* **WHAT TO DO**
The full data, repeated exactly, is the only answer needed.

* **Stored data**
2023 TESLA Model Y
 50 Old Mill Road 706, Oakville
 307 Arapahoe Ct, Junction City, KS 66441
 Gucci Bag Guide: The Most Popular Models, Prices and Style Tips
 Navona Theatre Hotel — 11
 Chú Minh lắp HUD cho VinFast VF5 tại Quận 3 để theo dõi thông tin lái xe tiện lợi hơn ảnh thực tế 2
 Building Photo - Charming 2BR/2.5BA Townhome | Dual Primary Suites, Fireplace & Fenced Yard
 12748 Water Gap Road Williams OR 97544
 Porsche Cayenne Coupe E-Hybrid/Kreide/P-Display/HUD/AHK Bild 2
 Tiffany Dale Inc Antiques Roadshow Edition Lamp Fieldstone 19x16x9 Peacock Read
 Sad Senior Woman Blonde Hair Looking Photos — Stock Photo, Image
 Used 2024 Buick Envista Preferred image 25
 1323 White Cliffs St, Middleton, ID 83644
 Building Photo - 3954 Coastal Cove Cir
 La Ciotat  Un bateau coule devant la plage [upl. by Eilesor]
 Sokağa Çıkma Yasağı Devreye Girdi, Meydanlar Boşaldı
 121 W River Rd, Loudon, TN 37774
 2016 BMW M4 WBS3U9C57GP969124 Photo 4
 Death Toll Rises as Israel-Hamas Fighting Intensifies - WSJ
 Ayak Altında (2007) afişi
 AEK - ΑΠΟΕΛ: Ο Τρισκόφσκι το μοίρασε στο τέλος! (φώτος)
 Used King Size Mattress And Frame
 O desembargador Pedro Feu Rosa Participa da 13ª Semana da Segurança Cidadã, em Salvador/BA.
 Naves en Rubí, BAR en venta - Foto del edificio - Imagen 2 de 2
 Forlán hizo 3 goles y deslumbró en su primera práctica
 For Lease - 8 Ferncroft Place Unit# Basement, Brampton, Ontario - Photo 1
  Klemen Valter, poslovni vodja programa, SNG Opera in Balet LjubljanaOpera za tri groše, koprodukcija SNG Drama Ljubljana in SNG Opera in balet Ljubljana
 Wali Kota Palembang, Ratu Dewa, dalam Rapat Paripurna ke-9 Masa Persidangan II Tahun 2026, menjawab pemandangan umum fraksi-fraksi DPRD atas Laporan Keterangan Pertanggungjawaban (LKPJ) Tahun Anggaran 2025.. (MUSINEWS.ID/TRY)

* **SOLVED PROBLEM**
2023 TESLA Model Y
 50 Old Mill Road 706, Oakville
 307 Arapahoe Ct, Junction City, KS 66441
 Gucci Bag Guide: The Most Popular Models, Prices and Style Tips
 Navona Theatre Hotel — 11
 Chú Minh lắp HUD cho VinFast VF5 tại Quận 3 để theo dõi thông tin lái xe tiện lợi hơn ảnh thực tế 2
 Building Photo - Charming 2BR/2.5BA Townhome | Dual Primary Suites, Fireplace & Fenced Yard
 12748 Water Gap Road Williams OR 97544
 Porsche Cayenne Coupe E-Hybrid/Kreide/P-Display/HUD/AHK Bild 2
 Tiffany Dale Inc Antiques Roadshow Edition Lamp Fieldstone 19x16x9 Peacock Read
 Sad Senior Woman Blonde Hair Looking Photos — Stock Photo, Image
 Used 2024 Buick Envista Preferred image 25
 1323 White Cliffs St, Middleton, ID 83644
 Building Photo - 3954 Coastal Cove Cir
 La Ciotat  Un bateau coule devant la plage [upl. by Eilesor]
 Sokağa Çıkma Yasağı Devreye Girdi, Meydanlar Boşaldı
 121 W River Rd, Loudon, TN 37774
 2016 BMW M4 WBS3U9C57GP969124 Photo 4
 Death Toll Rises as Israel-Hamas Fighting Intensifies - WSJ
 Ayak Altında (2007) afişi
 AEK - ΑΠΟΕΛ: Ο Τρισκόφσκι το μοίρασε στο τέλος! (φώτος)
 Used King Size Mattress And Frame
 O desembargador Pedro Feu Rosa Participa da 13ª Semana da Segurança Cidadã, em Salvador/BA.
 Naves en Rubí, BAR en venta - Foto del edificio - Imagen 2 de 2
 Forlán hizo 3 goles y deslumbró en su primera práctica
 For Lease - 8 Ferncroft Place Unit# Basement, Brampton, Ontario - Photo 1
  Klemen Valter, poslovni vodja programa, SNG Opera in Balet LjubljanaOpera za tri groše, koprodukcija SNG Drama Ljubljana in SNG Opera in balet Ljubljana
 Wali Kota Palembang, Ratu Dewa, dalam Rapat Paripurna ke-9 Masa Persidangan II Tahun 2026, menjawab pemandangan umum fraksi-fraksi DPRD atas Laporan Keterangan Pertanggungjawaban (LKPJ) Tahun Anggaran 2025.. (MUSINEWS.ID/TRY)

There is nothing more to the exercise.